There is nothing nefarious in the use of a robot.txt file on a web site. On the contrary, a robots.txt file is used to assist search engines so that they do not have to collect information that is irrelevant to users.
However, in viewing the White House robots. txt file one notes that all references to Iraq and only references to Iraq are unavailable to searches by search engines.
No, no. The robots.txt file prevents searches by external search engines. An internal search engine can be manipulated by the site owner to only locate what the owner wants you to see.
Just a WAG, but www.whitehouse.gov is a popular site for people looking for information on iraq. It might make sense to disallow searches for searches on iraq on those pages which don’t contain the term iraq. Even Mr.
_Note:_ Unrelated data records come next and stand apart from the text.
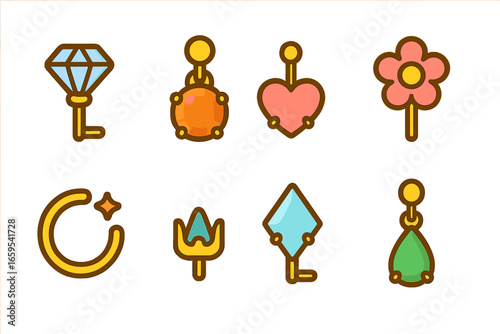Colorful Prong Earrings. Flat vector mini-illustrations earrings with prongs in colors children's illustrations: diamond stud
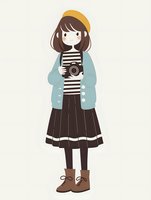 Young Asian girl in casual retro style outfit holding camera, wearing striped top, pleated skirt, mint cardigan and yellow beret. Minimalist cartoon character on light background.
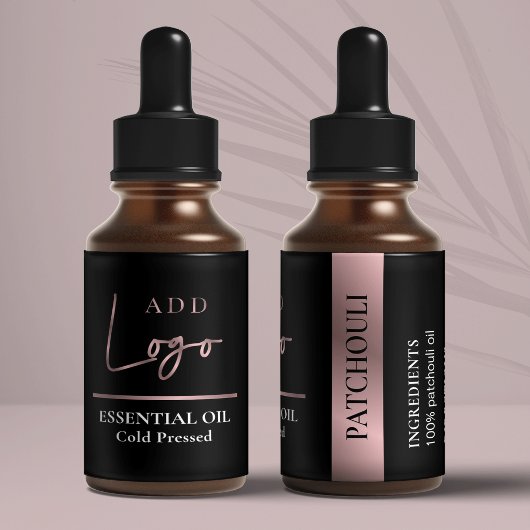 Black & Rose Gold Logo Essential Oil Kleine Flasch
Bush’s hamsters have their breaking point.
I did a bit of looking at the robot.txt files of various government organizations.
The CIA, FBI, Senate, DOE, Air Force, NASA, Secret Service, Supreme court, Federal Election Commission, Federal Reserve, Homeland Security, and FirstGove sites have no robot.txt files at all.
The House, FDA, NSA, DOJ, USDA, Army, Joint Chiefs, FDIC, and OSHA sites have small restriction files, from a few lines to ~25 in length.
The only other site that approaches the whitehouse in the size of its robot file is the EPA.